97% of students have experienced loneliness, the Youth Forum finds

Findings from a new Youth Forum study highlight that 97% of students living away from home in accommodation experience loneliness.

The recent study conducted by the Youth Forum has shed light on loneliness among students living in accommodation | PBSA News

The Property Marketing Strategists (TPMS), as part of its Youth Forum in partnership with Dig-In, PBSA News and sponsors The Crowd Agency, have initiated qualitative and qualitative research of university students and their views on community within student accommodation.

Despite 75% of respondents living with others, 97% of respondents state they have experienced feelings of loneliness whilst at university. Considering the student accommodation industry is made up of university accommodation where students generally live with others, this is a stark reality- check that the sector is missing the mark when it comes to fostering meaningful communities.

“The fact that so many students feel lonely despite living with other students – often hundreds of them – speaks volumes about how the focus on social spaces and events within purpose-built student accommodation (PBSA) aren’t necessarily doing what the operators intended.
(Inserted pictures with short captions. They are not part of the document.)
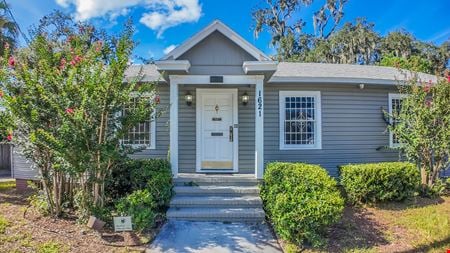 Preview of Office space for Sale at 1621 Emerson St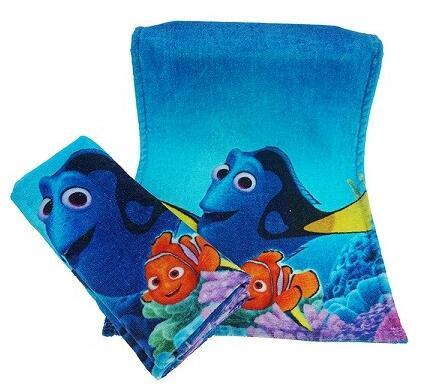 http://www.towelkingdom.com/pid18084842/Hot-Sale-Promotional-100-cotton-printed-face-towel-wholesale.htm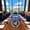 UN Creates Artificial Intelligence Advisory Panel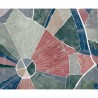 Au-dessus des champs 20513-01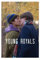 Generisch Young Royals Filmposter 022, Leinwandposter, Schlafzimmer-Dekor, Sportlandschaft, Büro, Raumdekoration, Geschenk, ungerahmt: 30 x 45 cm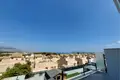 Квартира 3 комнаты 88 м² Polop, Испания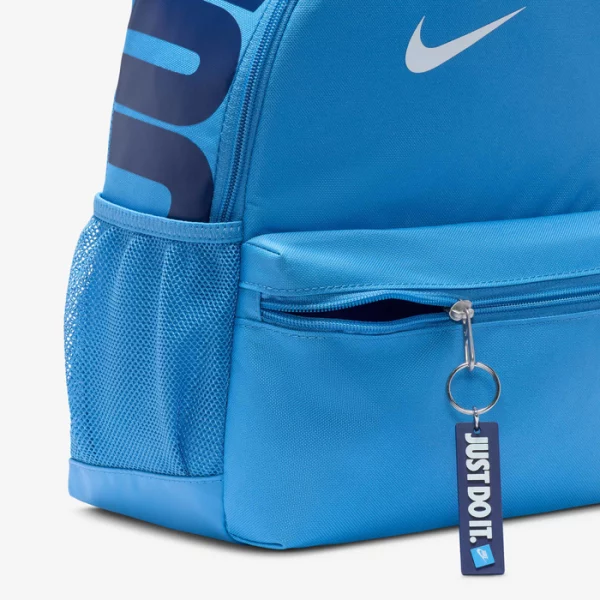 d4566806_01f3_4de8_a155_f4f46c29053e NIKE Qante DR6091-489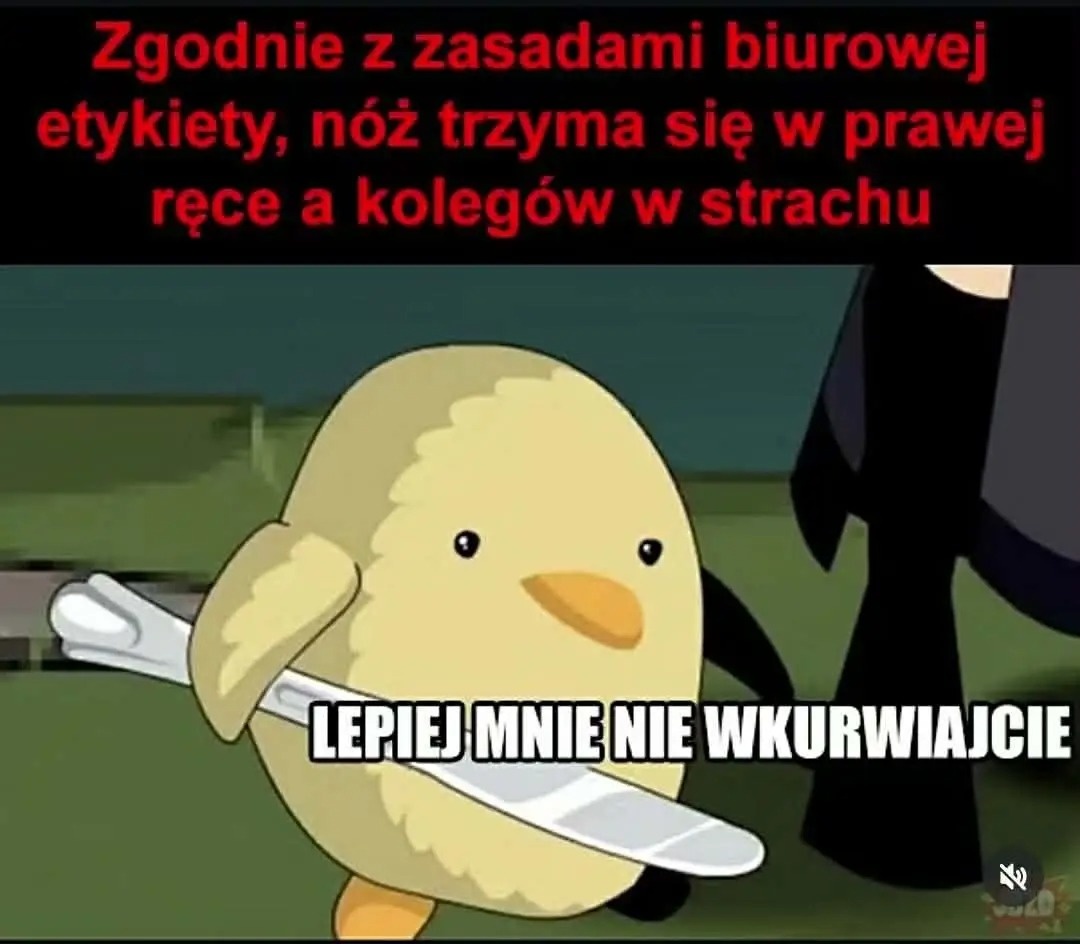 529450e9-98c2-4be7-816e-9f7f642a3380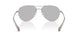 602087 - Silver - Light Grey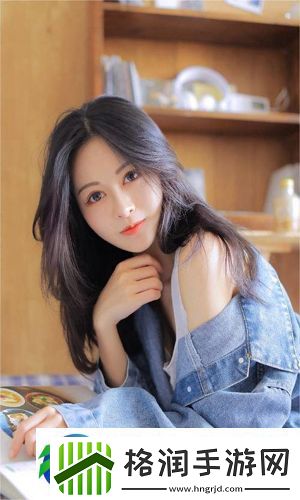 小妲己回家github地址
In our focus groups we heard a theme about choice which seems like an opportunity for universities and PBSA operators to use technology to improve the allocations model to give students more choice of who they live with and therefore a better chance at feeling like they belong.”

Deenie Lee, Co-Founder, TPMS

66% of respondents state they considered what the community would be like when choosing where to live.

However, when ranking who makes up their community, university accommodation friends were ranked lower than family, sports team members, old school friends and work colleagues.

The focus group participants and survey respondents shared insight as to how this could be improved, with 49% citing catered halls as an option to improve community, 62% suggesting sports teams within accommodation settings as a good idea, and 34% preferring to live with others on their course.

Only 13% would consider sharing a room to negate feelings of loneliness, according to the Youth Forum.

“I’m in a shared room right now and I’ve picked it because of cost reasons. I’m an international student. I would rather be on campus and have a shared room. I’m willing to sacrifice a bit of my privacy, to be able to participate in university life.”

Noshi, a second-year student

The responses around organised events suggest that students do not see this as their preferred way to nurture community, with only 39% stating they would like social events organised for them in their accommodation.

Supporting this view are the 49% who prefer to socialise in their own flat or house vs 39% who prefer to use communal facilities in their accommodation or on campus.

“Being in accommodation with people or being on the same course even if you are interacting with them, doesn’t guarantee that it is a community.”

Gaz, a student in the focus group

With 42% of respondents considering themselves to be neurodiverse, this indicates more awareness and training should be explored to ensure the needs of students are fully understood.

“[Community means] sharing the same beliefs, our same values and also feeling a sense of support and belonging, which is very hard to achieve in high density buildings where students have a lack of control over who they live with.”

Maria, a first-year student

Students are a diverse group and have differing needs and wants, therefore when it comes to creating community within student accommodation, there is not one size fits all approach.

However, providing a greater sense of control and choice for students would meet more needs than it currently does.

“Previous research we have done highlights the desire of students to be in smaller flats and with this new Youth Forum evidence pointing towards a lack of inclination to take part in mass events, perhaps the focus should be on curating smaller groups. It is clear just because students are living in the same building, it doesn’t make a community.”

Sarah Canning, Co-Founder, TPMS

Key findings of the study:

  • 52% of respondents consider feeling a part of a community as quite important, while 39% find it very important.
  • 40% of students frequently feel feelings of loneliness, 38% occasionally, 13% always, 5% once and 3% never.
  • 66% considered what the community might be like in their accommodation before booking.
  • 49% think living in catered halls would provide a greater sense of community.
  • 62% believe taking part in sports events within accommodation settings would create a greater sense of community.
  • 49% have no preference about who they live with, 34% want to live with students on the same course, and 17% would not want to live with students on their course.